A través de esos “abismos de silencio” la escritura deviene, se enfrenta a paisajes sin lindes, transita el descampado, desamparada busca refugio, y al descubrir fragmentos con los que construir se demora, escucha y transcribe. La morada, el texto, se construyen de ese modo fragmentado.

desterro es éxodo, una huida a latitudes a un tiempo extremas e íntimas, y el yo que viaja es un extraño ante sí mismo. Ese ser ajeno a la identificación habla desde una posición excéntrica; excéntrica respecto a la guía del ego, y respecto al eje de la gramática, la sintaxis, o la semántica convencionales, da cabida al desvarío para que irrumpa lo aún no dicho de este modo.

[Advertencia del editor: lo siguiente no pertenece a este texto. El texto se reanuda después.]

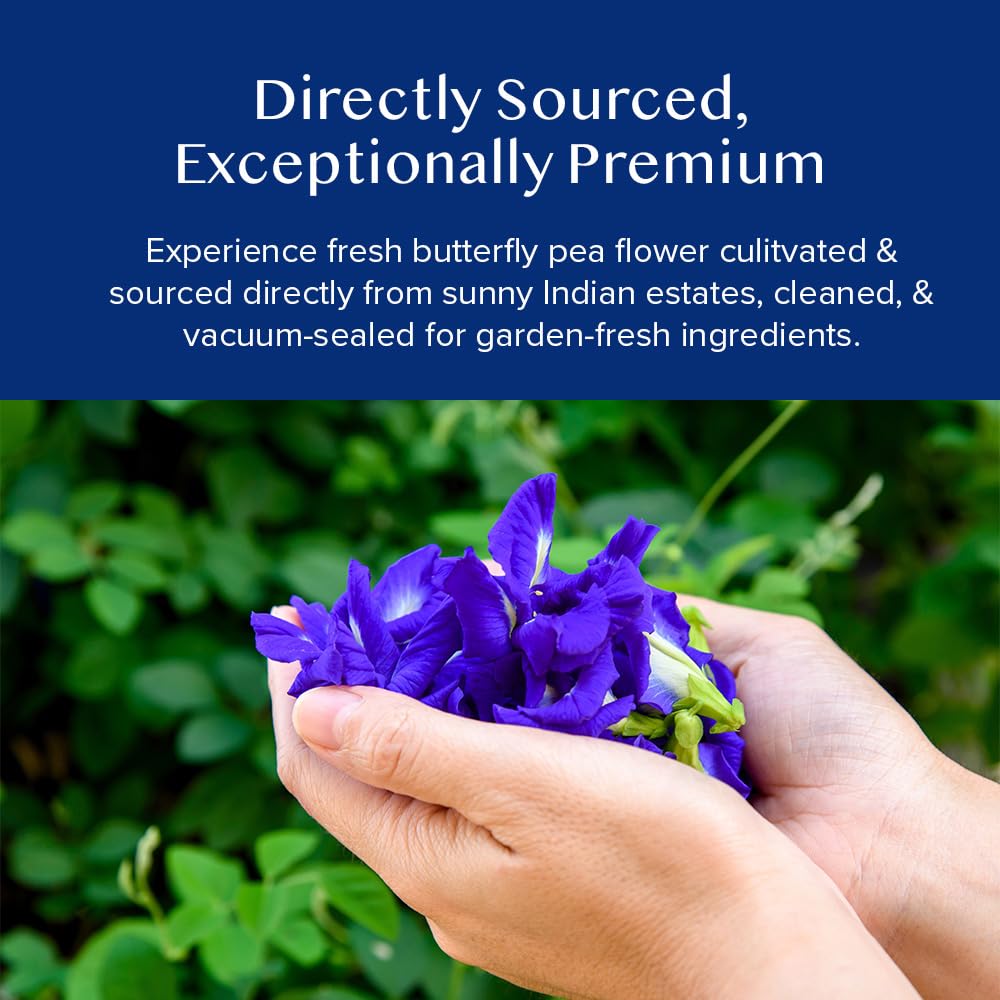 Vahdam, Butterfly Pea Flower Tea (1.76Oz) 100+ Cups | Delicate & Earthy | Vacuum Sealed For Freshness | Butterfly Pea Flower Loose Leaf Tea | Brew Iced Tea, Cooking, Mocktails & Cocktails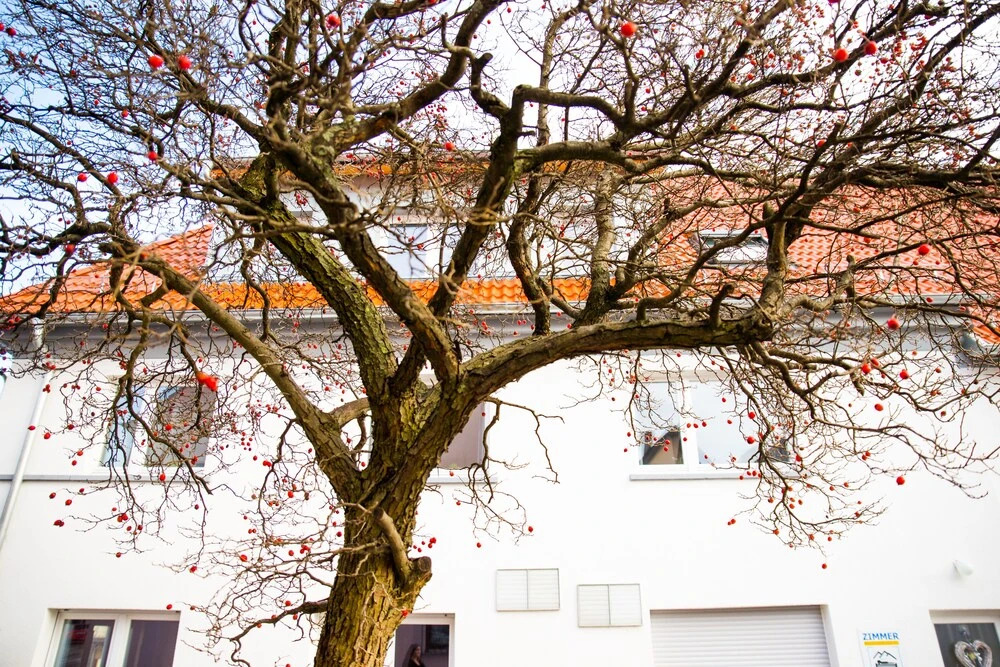 Sali Homes - GaesteHaus Lamm Obersulm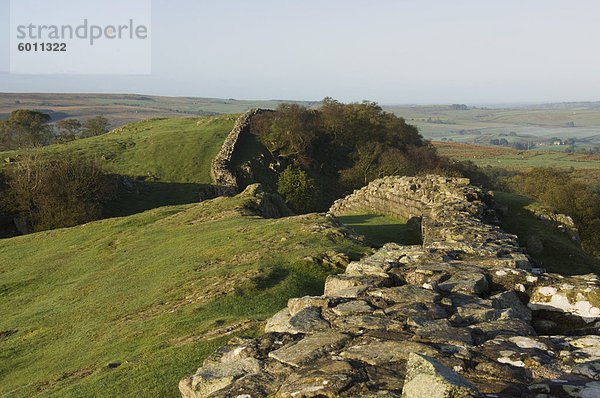 Ansicht West am Walltown Klippen  Hadrianswall  UNESCO Weltkulturerbe  Northumberland  England  Vereinigtes Königreich  Europa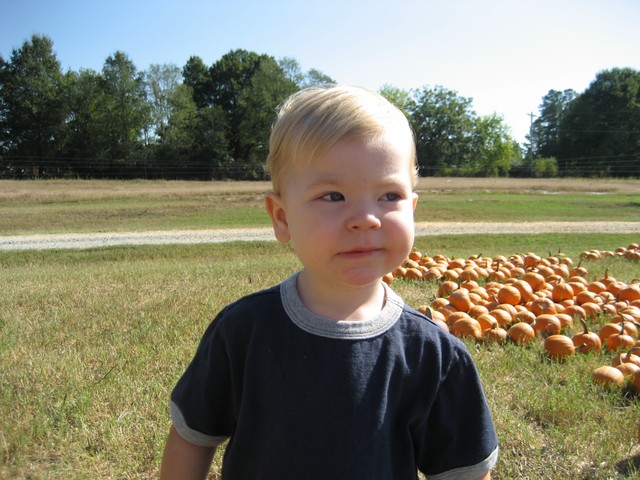 Halloween - 2007, photo 70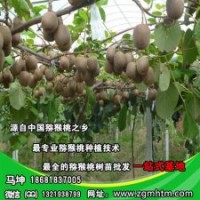 獼猴桃樹(shù)種植技術(shù)_獼猴桃樹(shù)_坤威獼猴桃苗(查看)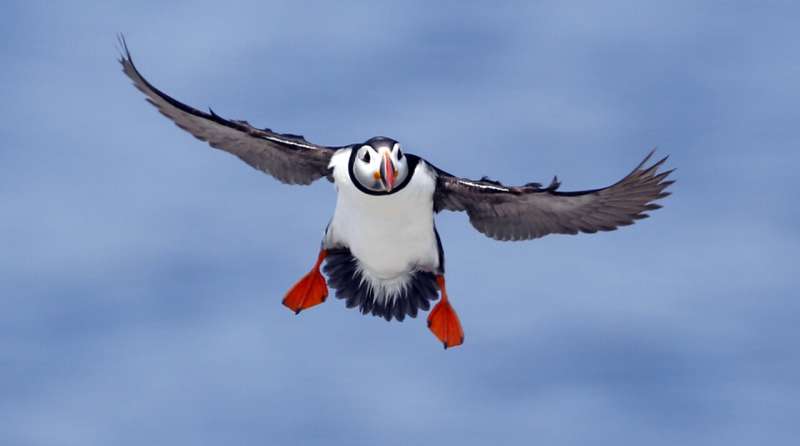 Audubon intervenes to protect ocean monument for puffins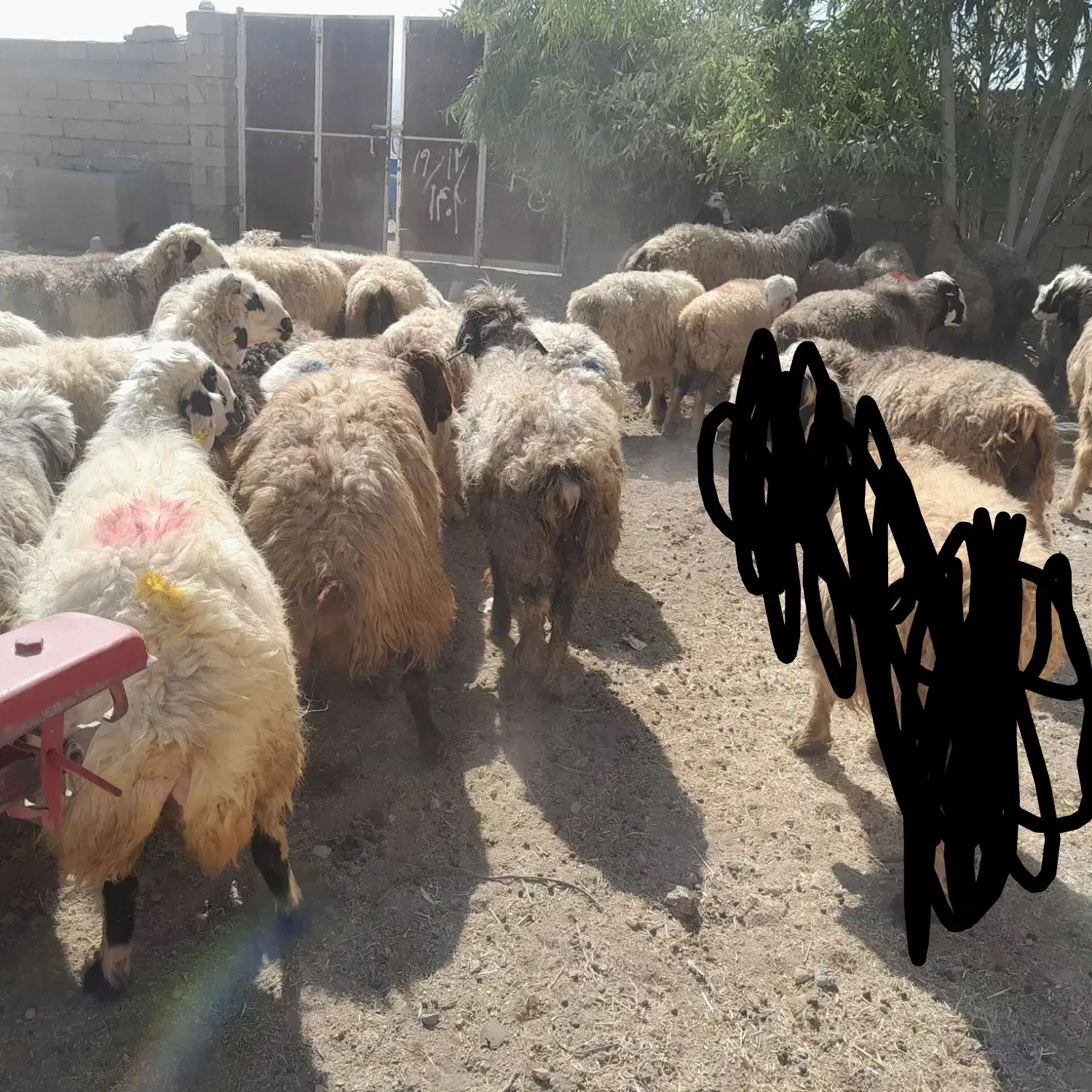 ۶۰راس شیشک میش ترکی بختیاری آبستن و بره دار|حیوانات مزرعه|کازرون, |دیوار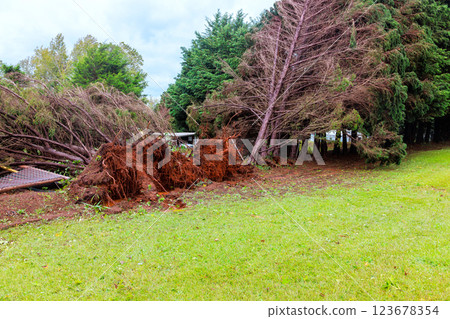 Dramatic aftermath storm shows uprooted trees lying on ground is disturbed, revealing roots soil, indicating force of hurricane weather event. Dramatic aftermath storm shows uprooted trees lying on ground is disturbed, revealing roots soil, indicating force of hurricane weather event. 123678354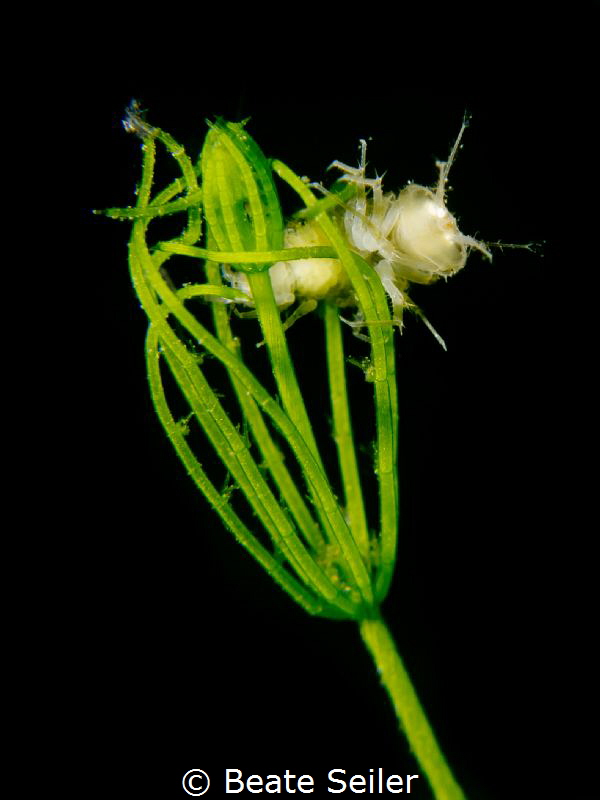 freshwater isopod by Beate Seiler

La palabra que surge entonces es una palabra íntima, pequeña, amada. Una palabra que silencia el ruido externo y el interno; un vocablo que apaga la palabrería pública y sus hipérboles, o el farfulleo privado, caótico e incesante, que impide escuchar lo que sucede en el aquí y ahora.

Pero también es una palabra que se concede a sí misma equivocarse, porque no busca ser juzgada por el pensamiento, porque nace sin premeditación, como puro desbocamiento de un cuerpo incontenible.

El cuerpo participa en la creación de lenguaje. Y en ocasiones es el engranaje conjunto del ojo y de la lengua, el mecanismo que maquina el poema. El cuerpo prófugo, es decir, el cuerpo que huye a través de los sentidos retorna al cuerpo íntimo como lenguaje.

Y en ese encuentro de lo interno y lo externo la voz vierte un titubeo de palabras, emanadas con amor y volcadas con cuidado en el poema.

Ahí, en el poema, en el cuerpo, permanece Carmen Crespo, vigilante, celando el interior, guiada por un impulso amoroso, el de desentrañar palabras y ofrecérnoslas.

Gracias Carmen por la ofrenda.

 

Carmen Crespo, desterro, Valencia, Contrabando, 2024.